Charmander (), known as  in Japan, is a Pokémon species in Nintendo's and Game Freak's Pokémon franchise. Created by Atsuko Nishida, Charmander first appeared in the video games Pokémon Red and Blue and subsequent sequels, later appearing in various merchandise, spinoff titles, and various movies, animated and printed adaptations of the franchise. The end of a Charmander's tail is alight with a flame, and the flame's size reflects both the physical health and the emotions of the individual. It is known as the Lizard Pokemon.

Charmander is one of three 'starter' Pokémon that can be selected at the beginning of Pokémon Red and Blue, and their remakes, Pokémon FireRed and LeafGreen. In the anime, Ash acquires a Charmander early in the series, and it became one of his most used Pokémon. In the Pokémon Adventures manga, Blue receives a Charmander from his grandfather Professor Oak. Since it appeared in the Pokémon series, Charmander has received generally positive reception. Charmander first appeared in episode 11 of Pokémon Indigo League ("Charmander – The Stray Pokémon" (The Stray Pokémon – Hitokage)). In the episode, Charmander is left by its owner, Damian, and is rescued by Ash and Brock. When Damian sees how powerful Charmander is, he calls Charmander back. However, because of Damian's abuse, Charmander chooses to follow the group that saved its life, and becomes Ash's Pokémon. In the series, the narrator stated that if a Charmander's tail flame goes out, it dies. Charmander is used by Ash throughout his adventures and is seen in special episodes in the future.

Charmander evolves into Charmeleon at level 16, who then evolves into Charizard at level 36, which was originally its last form.

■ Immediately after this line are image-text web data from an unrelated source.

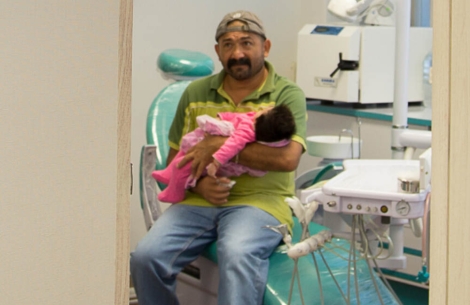 Homem a segurar bebé no Centro SUMA
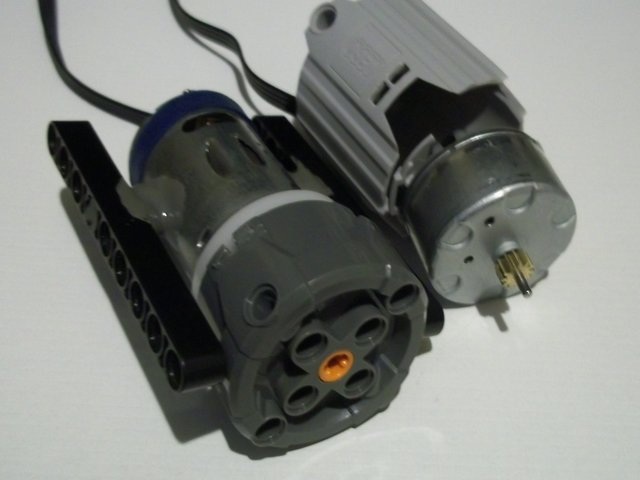 r100_2823.jpg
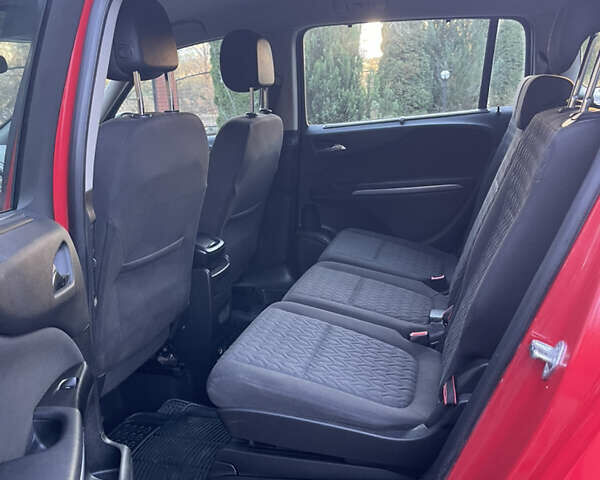 Красный Опель Зафира, объемом двигателя 1.6 л и пробегом 146 тыс. км за 10699 $, фото 34 на Automoto.ua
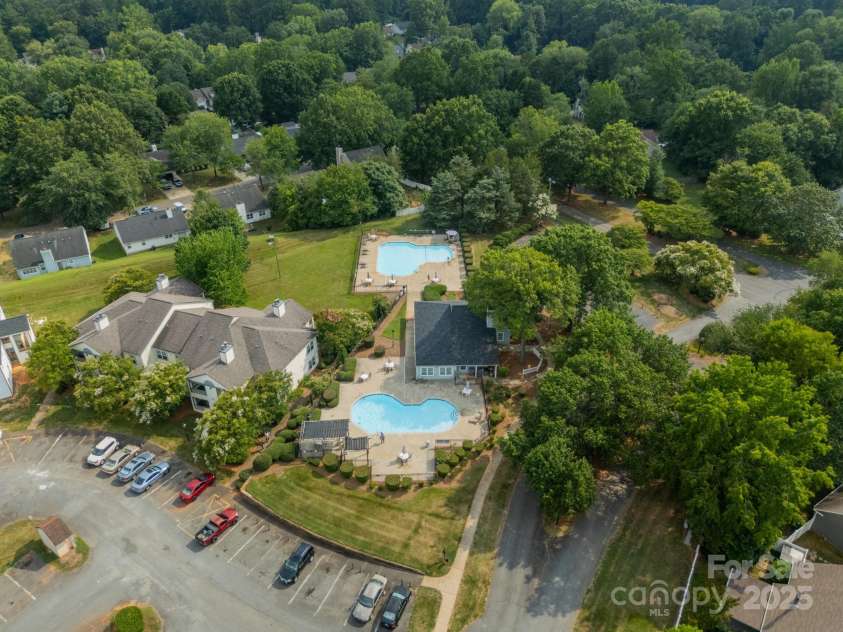 8027 Sherington Way, Charlotte, NC 28227.  MLS# CAR4279993, YatesRealty ID 25143. 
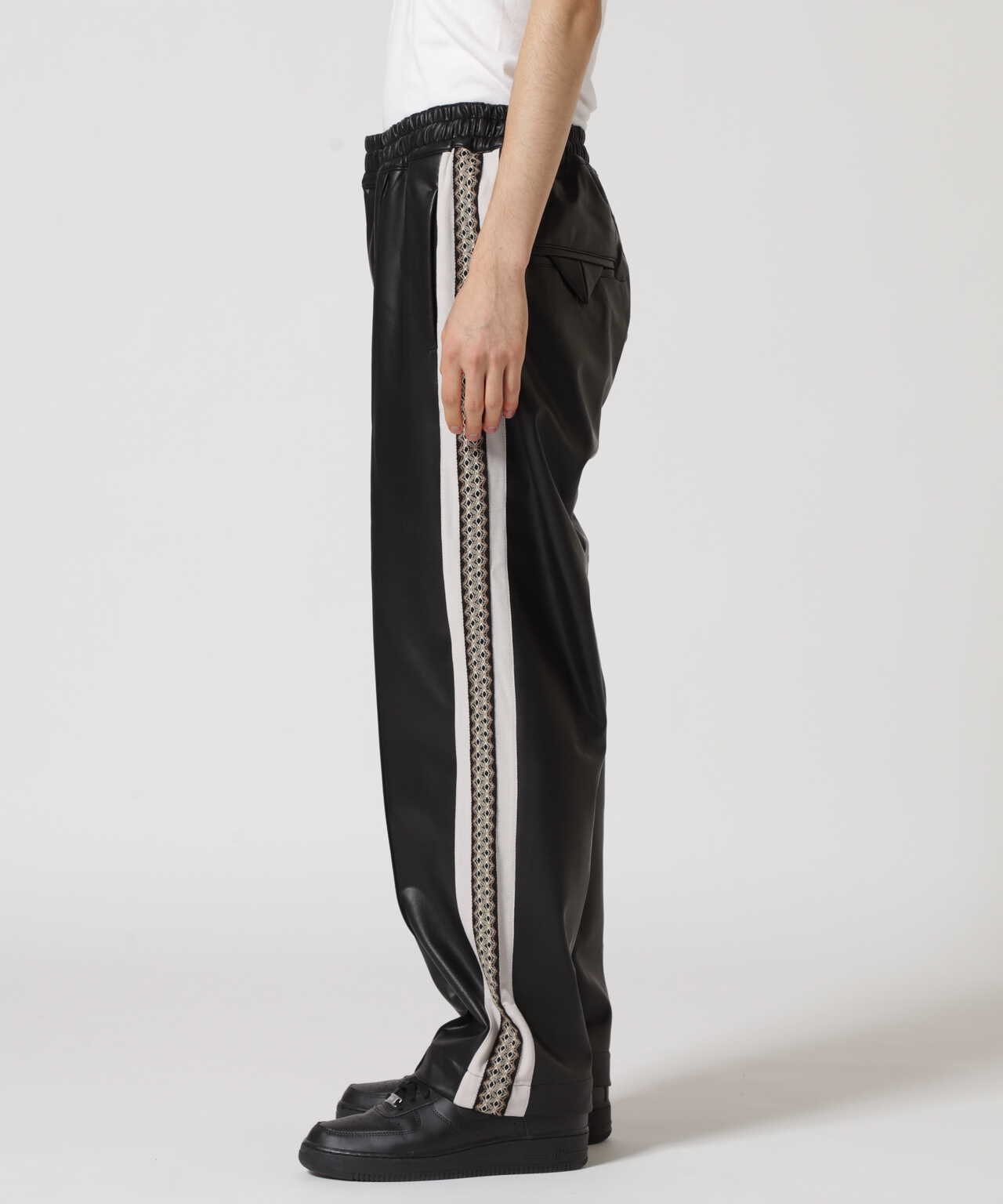 日本製 2ウェイ Sasquatchfabrix TRACK PANTS サスク レザー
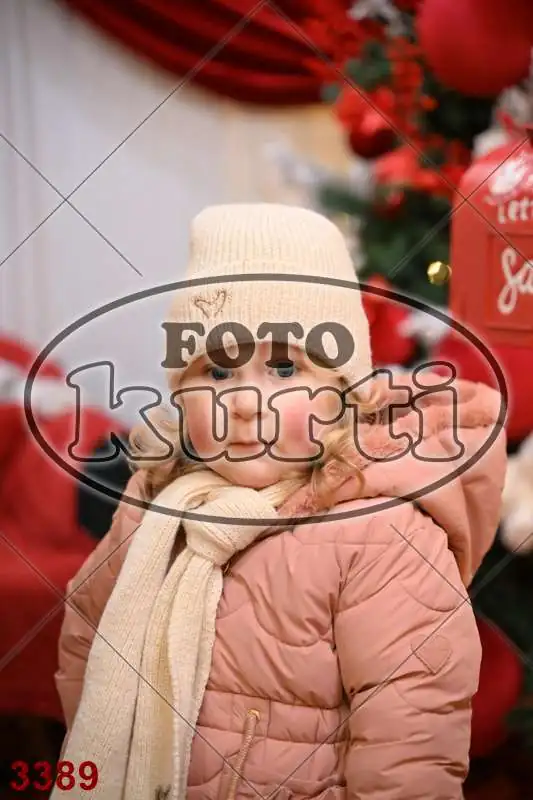 21.12. 17 30 DO 20 00 12 - FotoKurti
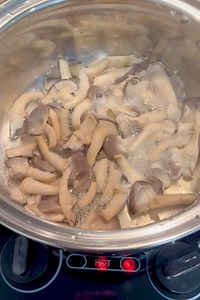 Making some snails escargot and mushrooms with coconut milk 😋 | Genie Baladad Horn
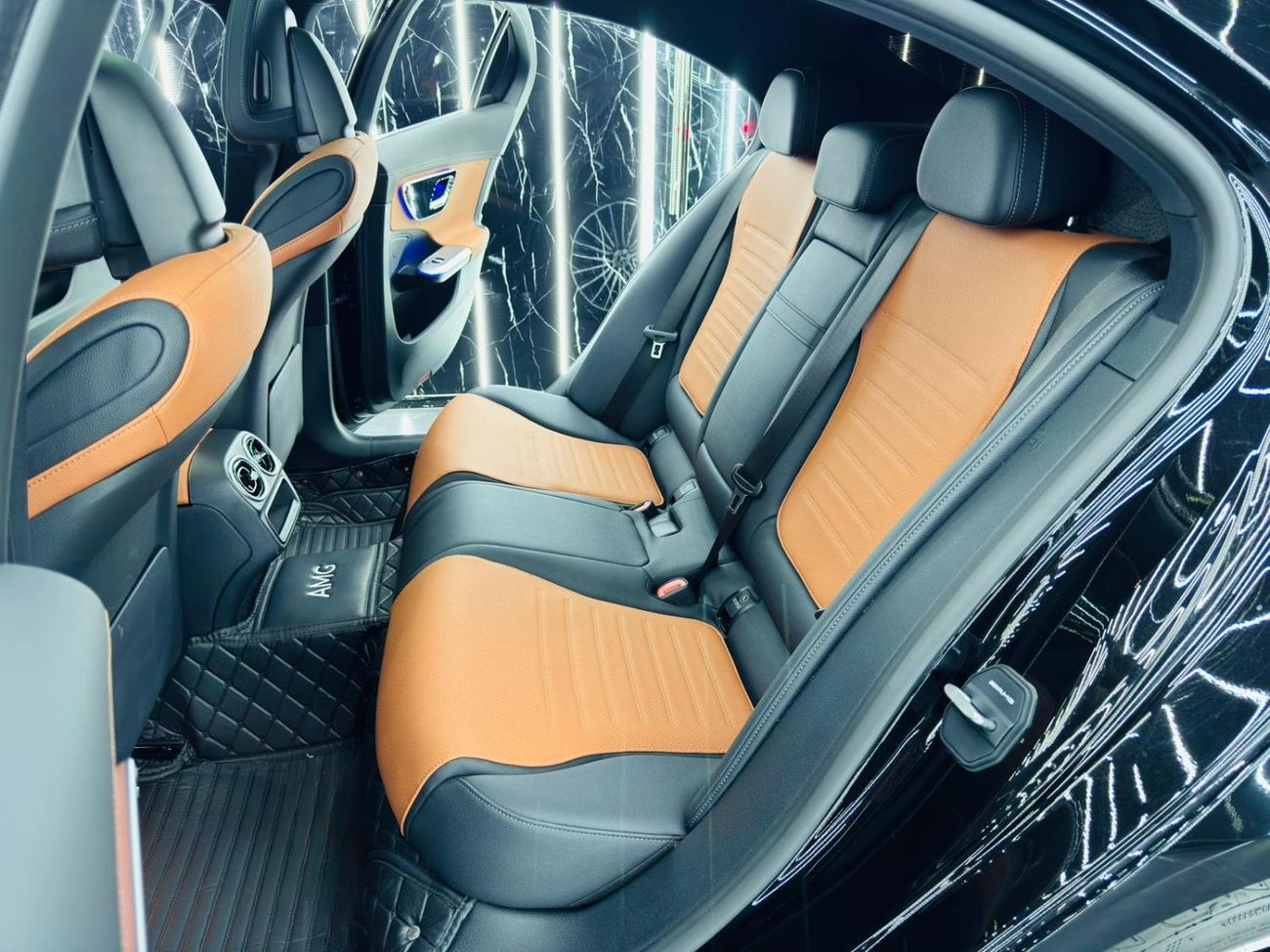 Mercedes-Benz C 200 2025 Mercedes Benz C200 AMG, Dec 2029 Mercedes Warranty, Very Low Kms, Excellent Condition, GCC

Since the release of Pokémon X and Y, Charizard can mega evolve into 2 different types of Mega Charizard, which are Mega Charizard X or Mega Charizard Y, for the duration of a battle. This gives it temporary upgraded stats and a major damage bonus. Charmander was one of the Pokémon that survived the National Pokédex cuts introduced in Pokémon Sword and Shield in 2019.

Design and characteristics
Charmander was designed as a fire Pokémon for the first generation of Pocket Monsters games Red and Green (which were localized outside Japan as Pokémon Red and Blue) by Atsuko Nishida, who based its design on Charizard in such a way that it was difficult to tell it would have evolved into the latter Pokémon. Originally called "Hitokage" in Japanese, Nintendo decided to give the various Pokémon species "clever and descriptive names" related to their appearance or features when translating the game for western audiences as a means to make the characters more relatable to American children. As a result, the species was renamed "Charmander", a portmanteau of "char", meaning burnt, and "salamander".

Charmander are small, bipedal lizard-like Pokémon native to Kanto. They have blue eyes, orange skin, three-toed clawed feet, yellow bellies, and a single yellow pad covering most of the soles of their feet. While the Pokémon Red and Green sprites made by Atsuko Nishida featured only three fingers on each hand, like Charmeleon and Charizard, the artwork drawn by Ken Sugimori for those games depicted Charmander as having an additional thumb on each hand. Since Pokémon Black and White, a new updated artwork was released in which Charmander has just three fingers on each hand. Said updated design has since been used consistently in the anime, including the movies and specials like Pokémon Origins, as well as in official artwork used in merchandise and in plushies, dolls and figurines, accompanying the artwork by Ken Sugimori as well as the 3D CG models and the artwork derived from those that still feature the four-fingered hand. Noticeably, the Charmander artwork made by Nishida for the Trading Card Game in 2018 showed Charmander as having just three fingers on each hand.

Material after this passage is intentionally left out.